The interface can be connected to trained model artifacts by pointing the client-side prediction calls to a Flask API serving the .pkl files — enabling real model inference rather than the client-side logistic approximation used in standalone mode.
Breast Cancer — the 30-feature FNA dataset is well-structured and high-signal. 99.1% accuracy is reproducible but may not generalise to other imaging modalities, scanner types, or demographic groups outside the Wisconsin cohort.
Heart Disease — the Cleveland dataset contains only 303 samples. The model is not validated on the other UCI heart disease cohorts (Hungarian, Switzerland, VA Long Beach) and cross-cohort generalisation is not guaranteed.
Diabetes — the Pima dataset is restricted to female patients of Pima Indian heritage aged 21 and above. Predictions for other demographic groups are extrapolations beyond the training distribution. The 77–78% accuracy ceiling is well-established in the literature and cannot be significantly exceeded without external data augmentation or a larger, cleaner dataset.

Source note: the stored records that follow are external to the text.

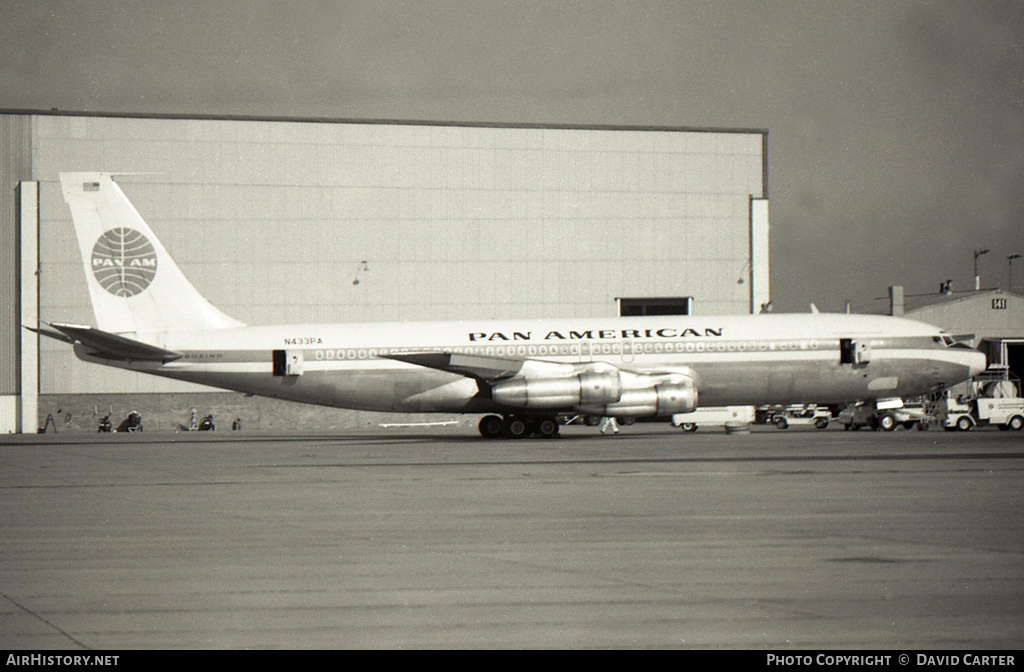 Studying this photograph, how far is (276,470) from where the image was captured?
23578mm

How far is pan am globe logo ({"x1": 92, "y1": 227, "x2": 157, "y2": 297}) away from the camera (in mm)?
38719

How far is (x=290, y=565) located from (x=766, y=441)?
25.3 metres

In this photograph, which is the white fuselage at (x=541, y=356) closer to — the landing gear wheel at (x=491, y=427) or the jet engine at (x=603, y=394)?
the landing gear wheel at (x=491, y=427)

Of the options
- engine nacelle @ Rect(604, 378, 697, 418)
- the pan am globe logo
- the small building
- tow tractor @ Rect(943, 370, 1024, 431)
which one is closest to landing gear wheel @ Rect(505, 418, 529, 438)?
engine nacelle @ Rect(604, 378, 697, 418)

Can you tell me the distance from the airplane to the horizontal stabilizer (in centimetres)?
6

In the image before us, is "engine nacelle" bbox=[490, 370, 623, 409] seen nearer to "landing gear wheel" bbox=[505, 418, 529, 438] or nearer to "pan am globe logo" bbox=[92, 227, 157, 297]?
"landing gear wheel" bbox=[505, 418, 529, 438]

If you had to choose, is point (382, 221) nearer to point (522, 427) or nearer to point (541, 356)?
point (541, 356)

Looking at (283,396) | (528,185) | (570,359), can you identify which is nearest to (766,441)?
(570,359)

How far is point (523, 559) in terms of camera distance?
1055 cm

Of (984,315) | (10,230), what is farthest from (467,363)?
(984,315)

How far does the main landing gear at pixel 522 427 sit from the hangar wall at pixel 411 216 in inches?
775

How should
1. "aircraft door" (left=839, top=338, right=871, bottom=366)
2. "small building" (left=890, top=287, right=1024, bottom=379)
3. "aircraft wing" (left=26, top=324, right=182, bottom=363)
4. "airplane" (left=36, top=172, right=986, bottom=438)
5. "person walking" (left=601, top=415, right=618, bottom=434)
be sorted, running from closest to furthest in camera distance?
"aircraft wing" (left=26, top=324, right=182, bottom=363)
"airplane" (left=36, top=172, right=986, bottom=438)
"aircraft door" (left=839, top=338, right=871, bottom=366)
"person walking" (left=601, top=415, right=618, bottom=434)
"small building" (left=890, top=287, right=1024, bottom=379)

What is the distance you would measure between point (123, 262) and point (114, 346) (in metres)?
4.38

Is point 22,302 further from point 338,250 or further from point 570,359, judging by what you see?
point 570,359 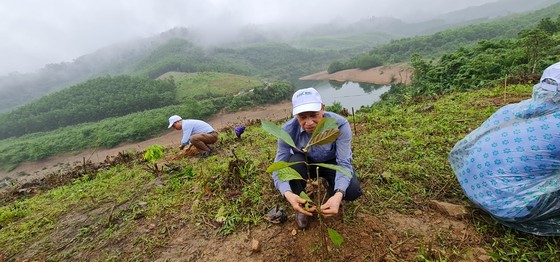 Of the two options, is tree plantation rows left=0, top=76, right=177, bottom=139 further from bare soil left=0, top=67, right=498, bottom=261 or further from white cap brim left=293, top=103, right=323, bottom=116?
white cap brim left=293, top=103, right=323, bottom=116

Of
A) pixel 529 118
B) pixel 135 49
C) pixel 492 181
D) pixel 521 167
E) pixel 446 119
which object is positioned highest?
pixel 135 49

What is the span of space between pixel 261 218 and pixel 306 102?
130 centimetres

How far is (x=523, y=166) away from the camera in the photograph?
161 centimetres

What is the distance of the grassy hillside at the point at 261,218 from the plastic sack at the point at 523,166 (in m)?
0.24

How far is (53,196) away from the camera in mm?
4727

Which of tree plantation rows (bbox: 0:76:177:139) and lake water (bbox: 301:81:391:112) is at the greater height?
tree plantation rows (bbox: 0:76:177:139)

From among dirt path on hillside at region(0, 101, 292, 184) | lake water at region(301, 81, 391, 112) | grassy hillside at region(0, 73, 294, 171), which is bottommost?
lake water at region(301, 81, 391, 112)

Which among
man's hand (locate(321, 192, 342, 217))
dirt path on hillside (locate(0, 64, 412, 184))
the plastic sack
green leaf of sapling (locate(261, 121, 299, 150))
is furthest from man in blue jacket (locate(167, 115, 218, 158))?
dirt path on hillside (locate(0, 64, 412, 184))

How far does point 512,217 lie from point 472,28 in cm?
5644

All models operate on structured tabular clinical data only. They do not process medical imaging, ECG time series, or unstructured clinical notes.
Python 3.11+, scikit-learn, XGBoost, imbalanced-learn, pandas, numpy, matplotlib, seaborn, joblib, jupyter. macOS users require libomp (via Homebrew) for XGBoost OpenMP support.
- Dua, D. and Graff, C. (2019). UCI Machine Learning Repository. University of California, Irvine.
- Chen, T. and Guestrin, C. (2016). XGBoost: A Scalable Tree Boosting System. KDD '16.
- Chawla, N.V. et al. (2002). SMOTE: Synthetic Minority Over-sampling Technique. JAIR, 16, 321–357.
- Tomek, I. (1976). Two Modifications of CNN. IEEE Transactions on Systems, Man, and Cybernetics, 6, 769–772.
- Breiman, L. (2001). Random Forests. Machine Learning, 45(1), 5–32.
MIT License. This project is intended for research and educational purposes only. It is not a certified medical device and must not be used as a substitute for professional clinical diagnosis.